As predicted , poor John Stumpf is taking the fall for a few thousand rogue employees unable to achieve on a level field of play. On Wednesday, the Wells Fargo CEO resigned in 9-figure shame . Keep your chin up, little fella. Some may say the chief executive who pushed his people to push their people to push customers to open a bunch of unneccessary accounts effectively signed off on the widespread retail banking fraud. But Stumpf obviously couldn't sign off on anything. Look at his signing off hand !
A few weeks ago, Massachusetts Sen. Elizabeth Warren tore into Stumpf on Capitol Hill . It was like a scene out of The Departed (a good one, not one of the 27 unnecessary ones). When Warren finished haranguing Stumpf about his mismanagement and Wells' "widespread fraud" she basically asked him how he liked them apples and told him to resign before Stumpf could even blabber out a "Thank you ma'am, may I have another?" It was all pretty wicked glorious.
But Warren won't stop there. This week she sent President Obama a detailed and impeccably sourced letter demanding that President Obama demote Mary Jo White, Securities and Exchange Commission Chairwoman and gross spawn of Wall Street and government incest.
What did Ms. White do to summon the wrath of our beloved legislative cleaner?

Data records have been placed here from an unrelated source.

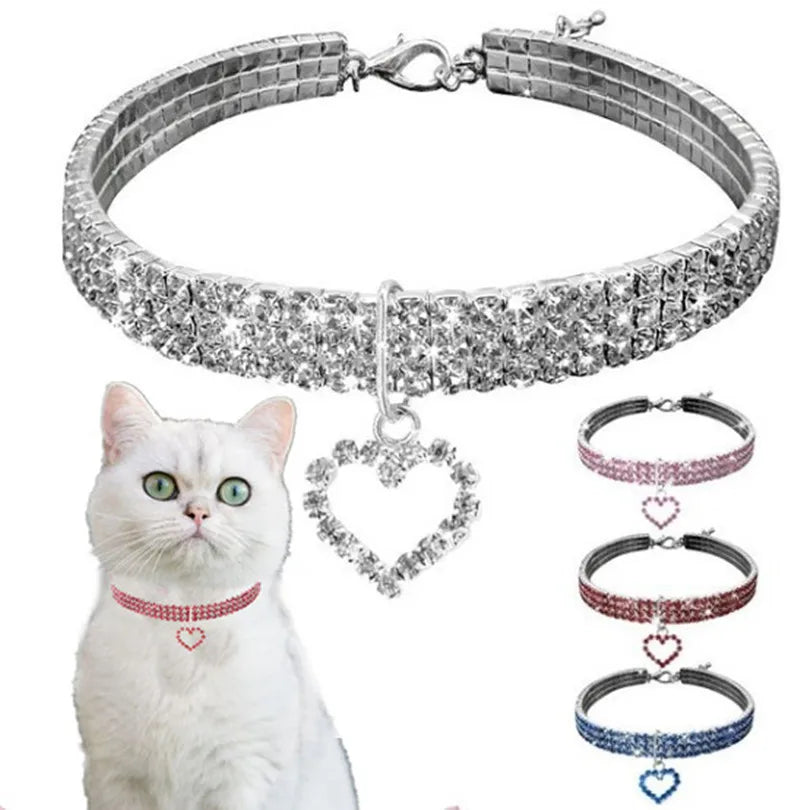 Rhinestone Pearl Necklace Dog &amp; Cat Collar | Elegant Pet Jewelry with Sparkling Pendant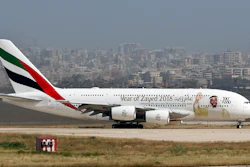 In this March. 29, 2018, file photo, a double-decker Airbus A380 plane lands at the Rafik Hariri International Airport in Beirut, Lebanon.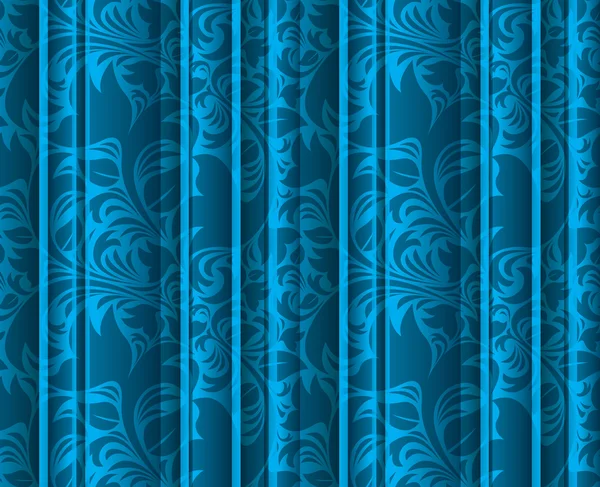 Seamless floral texture on the blue curtains — Stock Photo, Image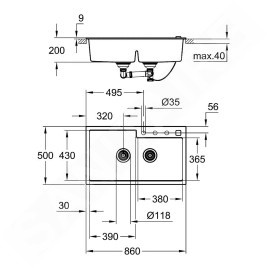 Grohe Éviers - Évier composite K500 avec garniture de vidage automatique, 860x500 mm, noir granite 31649AP0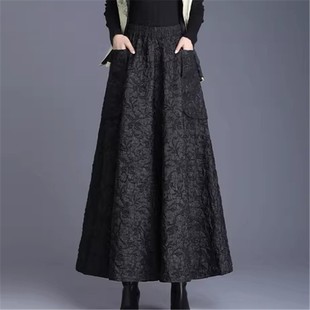 裙裤女秋装2025新款秋季今年流行的爆款裤子提花大摆裤妈妈阔腿裤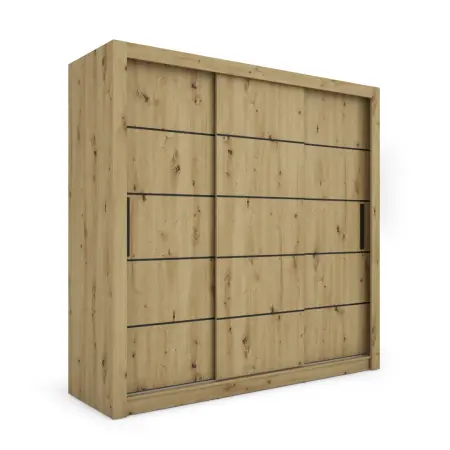 Szafa przesuwna Monako 205, Artisan, Czarne listwy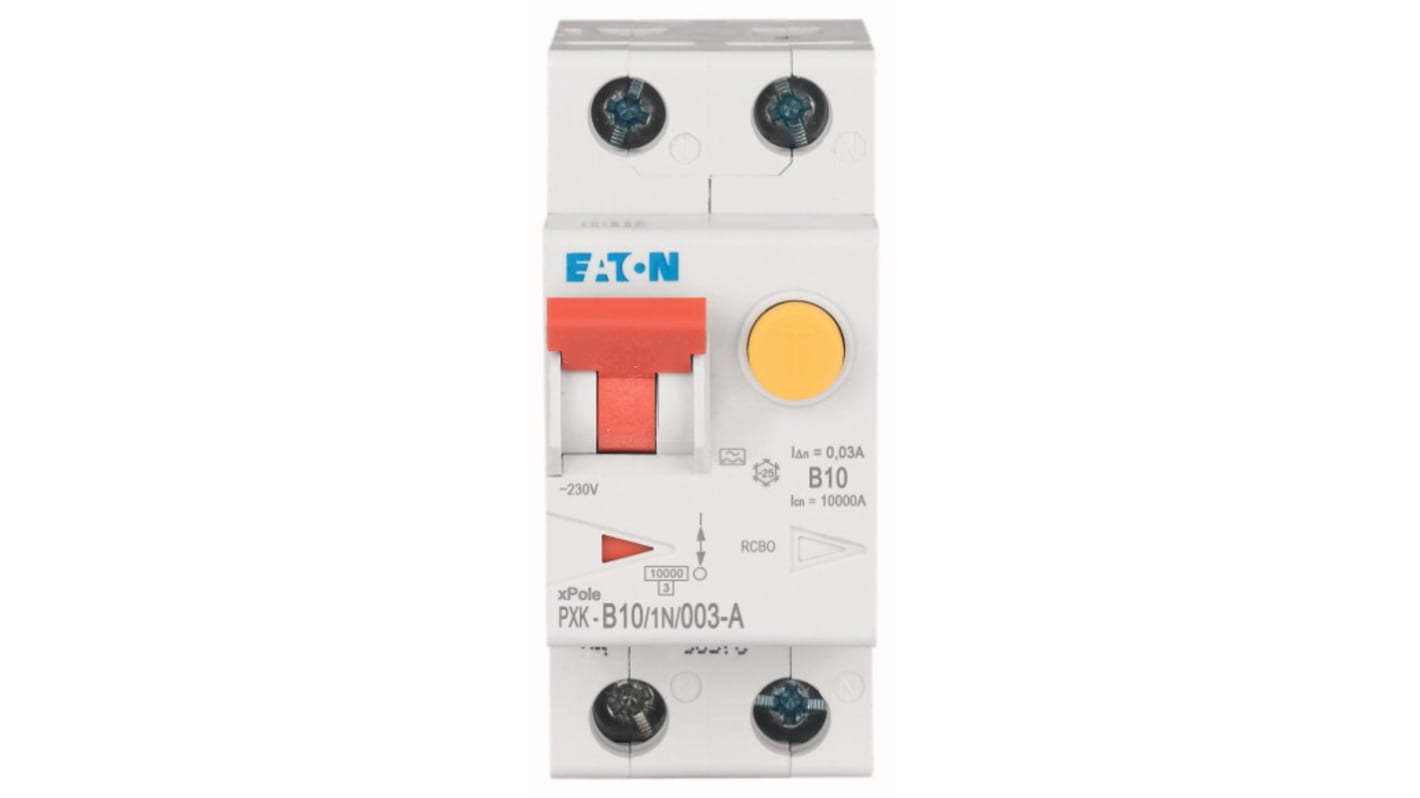 Eaton RCBO, 10A Current Rating, 1P+N Poles, 30mA Trip Sensitivity, Type B, PXK Range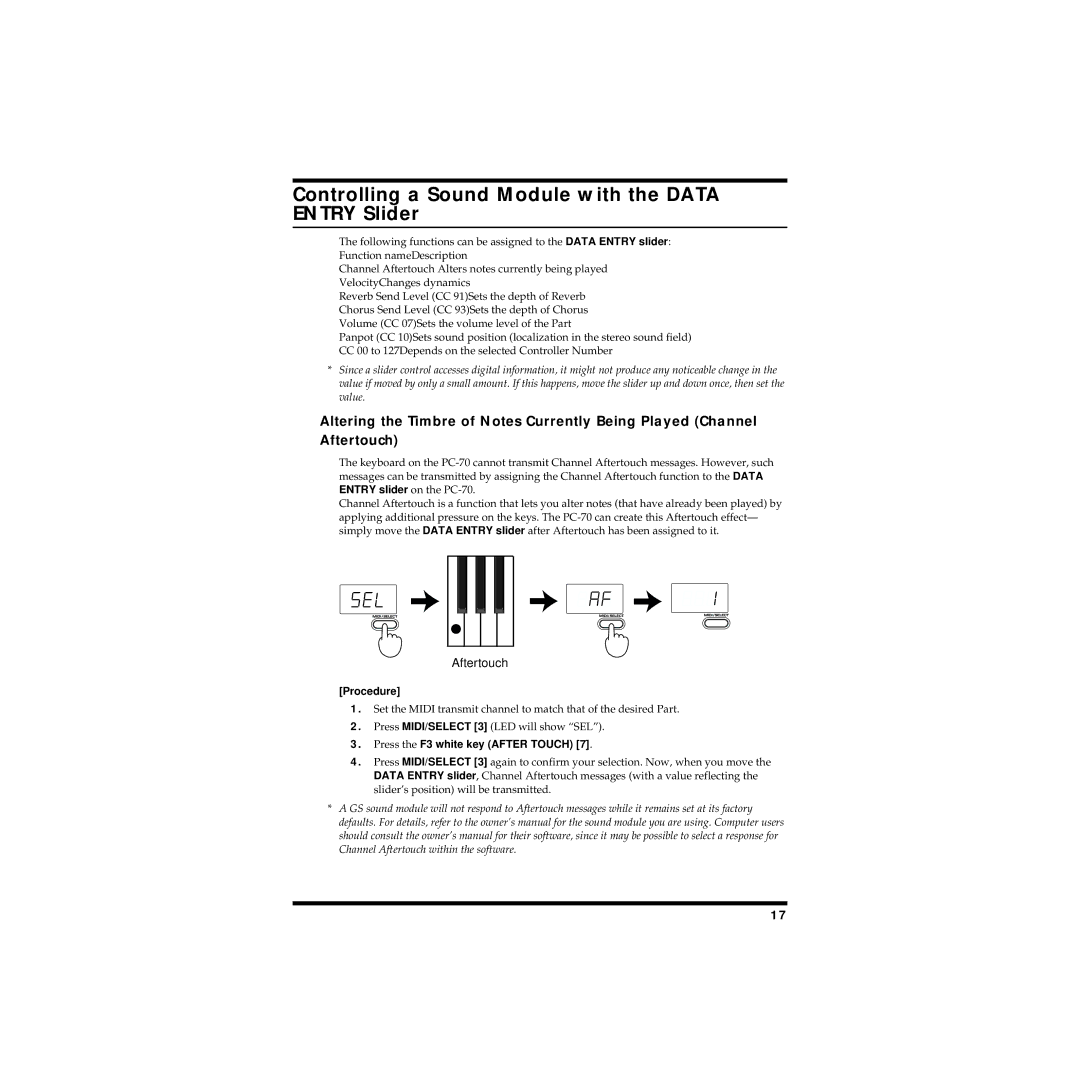 Roland PC-70 Controlling a Sound Module with the Data Entry Slider, Aftertouch, Press the F3 white key After Touch 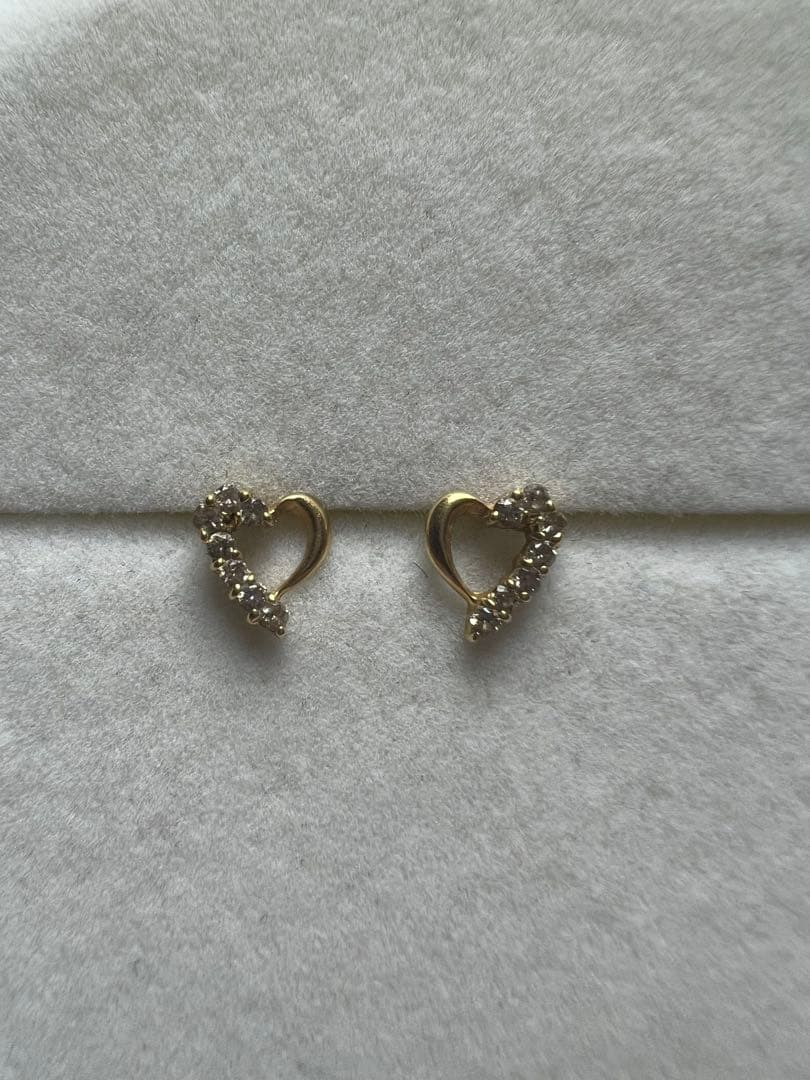 購入者様決定　他の方はすみません K18YG ハート　ダイヤ　ピアス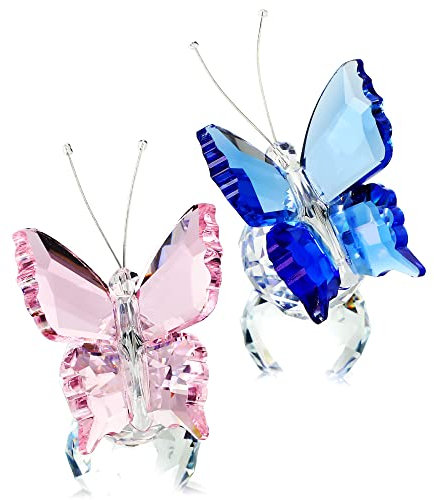 H&D Hyaline & Dora Kristall Schmetterling Figur mit Kugelsockel, Glas Schmetterling Tier Statue Tischdekoration Briefbeschwerer 2 Stück
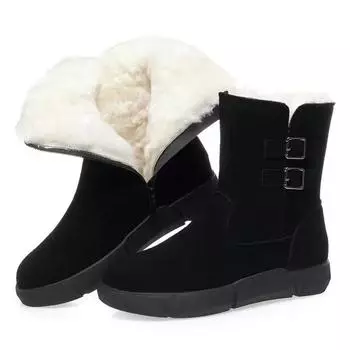 Ботинки Martin из натуральной мягкой кожи, женские короткие ботинки, бархатные зимние ботинки из шерсти и хлопка с плоским дном, нескользящие женские зимние ботинки с толстым каблуком, сохраняющие тепло 35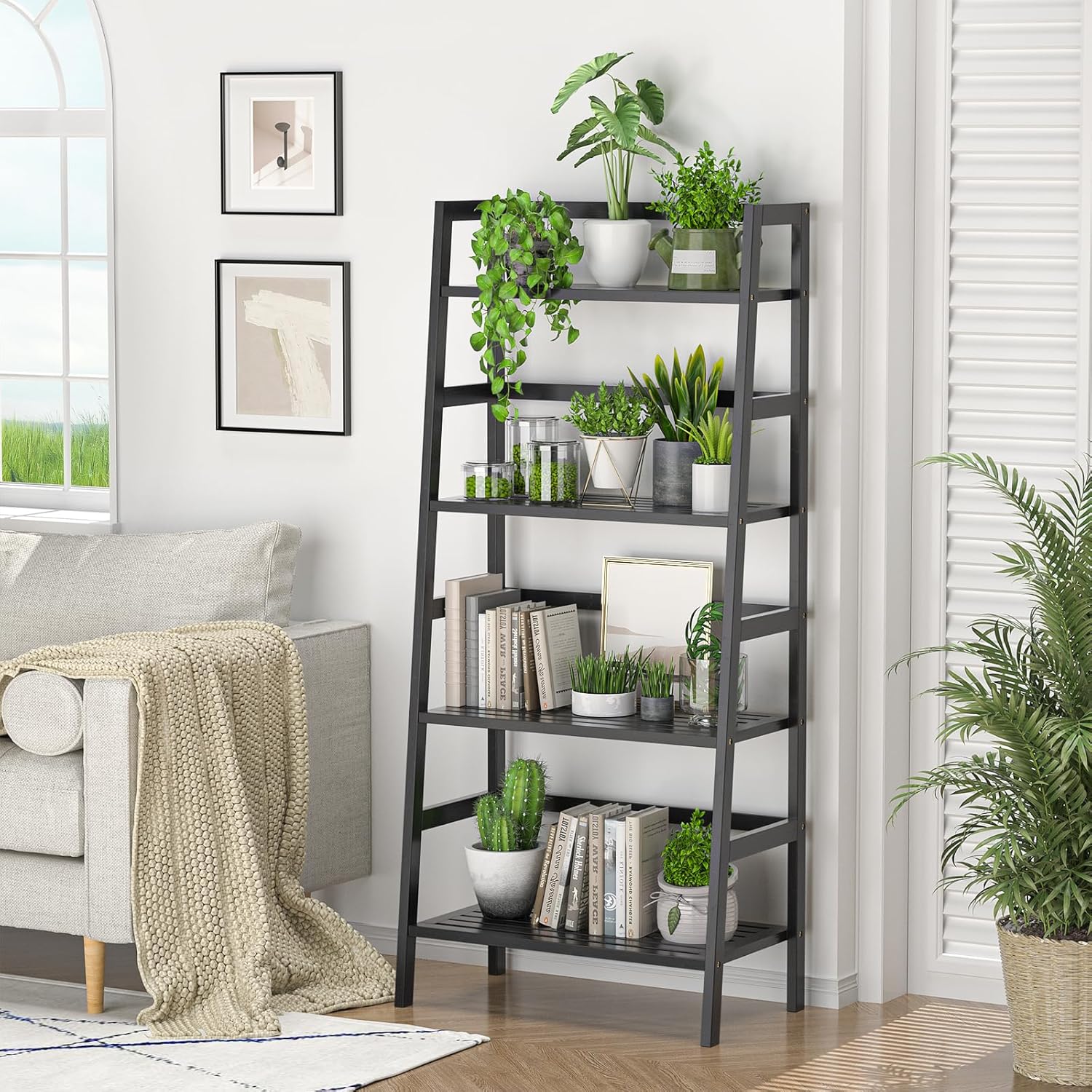 Homykic Bamboo Over The Toilet Storage and Ladder Shelf Bundle, Black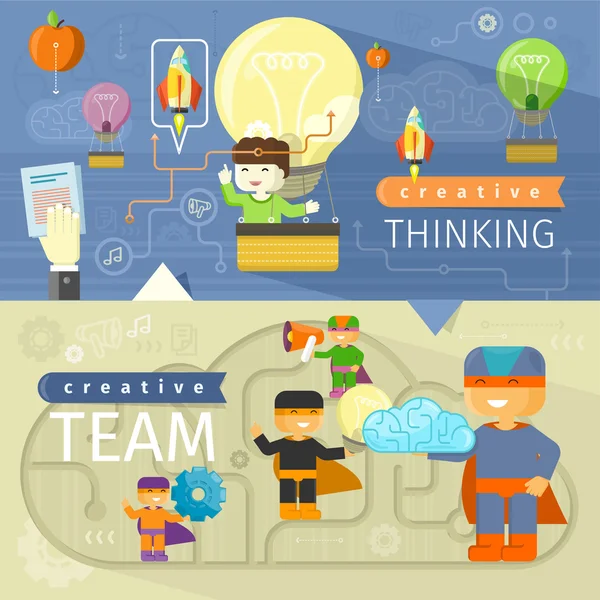 Creative thinking and creative team — 스톡 벡터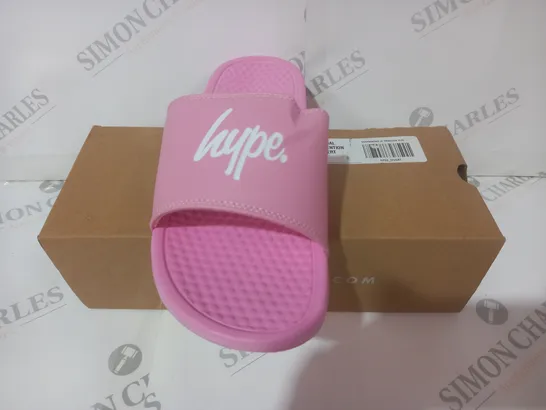 BOXED PAIR OF HYPE LOGO SLIDERS IN PINK UK SIZE 10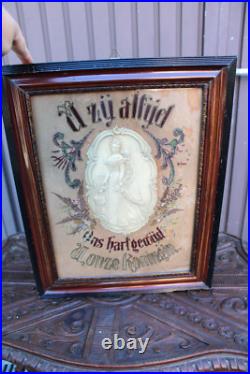 Antique religious embroidery wax mdaillon wall plaque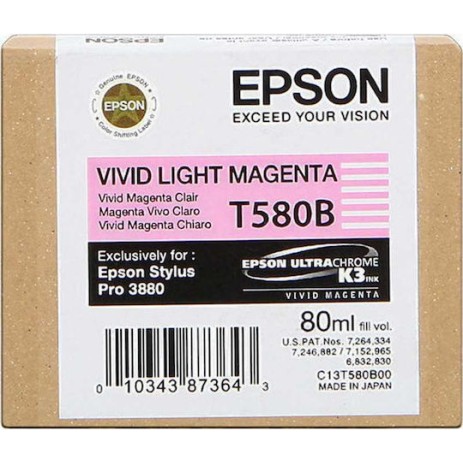 Epson T580B Γνήσιο Μελάνι Εκτυπωτή InkJet Ανοιχτό Ματζέντα (C13T580B00)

Chairwoman White is not a fan of requiring Corporate People to make certain disclosures to their shareholders. For instance, if you're a company working with Congolese warlords, using child labor to extract conflict minerals for any purpose, Mary Jo doesn't believe your customers or shareholders need to know that.
White also "scuttled a rule Congress ordered the SEC to write that would require companies to detail their political spending." A little background on this. In the Citizens United case, corporate shill Anthony Kennedy (whom we're all required to love for the flowery humanity of his Obergefell decision) delivered the majority opinion , a decision which in legal terms can be classified as "stupid as fuck." When ceding an unprecedented amount of power to Big Business, Kennedy noted, "With the advent of the Internet, prompt disclosure of expenditures can provide shareholders and citizens with the information needed to hold corporations and elected officials accountable for their positions and supporters." Hey, good suggestion! But believe it or not, when you're a judge ruling on a legal issue before your Court, your opinion matters. When you merely suggest something in a non-binding aside, you're just another jerk with an opinion and a nice robe.
In any event, White based her scuttling of campaign disclosure requirements on the same tired rationale. A little corporate personhood. A titch of the First Amendment and heck, now we've got ourselves a special class of corporate citizen sanctioned by a regulatory agency tasked with curbing abuses of corporate power. Warren isn't buying it. Congressional Democrats are upset about a Republican rider in recent government funding bills "that would prevent the SEC from issuing a rule requiring public companies to disclose political contributions." But that's the thing. This corporate protection supported by Republicans isn't actually on the books. For years there has been nothing preventing White from issuing this rule except for her sycophantic deferral to the corporate board room.
"Congressional Democrats will fight to remove the recently passed rider from December's government funding legislation, and I urge you to threaten to veto any effort to extend this corrupt policy," Senator Warren wrote. "But these efforts will be meaningless as long as Chair White continues to control the agenda of the SEC."
Damn. But White's failure to move on the shareholder disclosure issue is what really drew the ire of Senator Warren.
“She has failed to complete disclosure mandates Congress enacted in the wake of the 2008 financial meltdown, while simultaneously devoting the SEC’s limited discretionary resources to a far-reaching, anti-disclosure initiative cooked up by big business lobbyists seeking to reduce the amount of information public companies must make available to their investors,” Warren wrote.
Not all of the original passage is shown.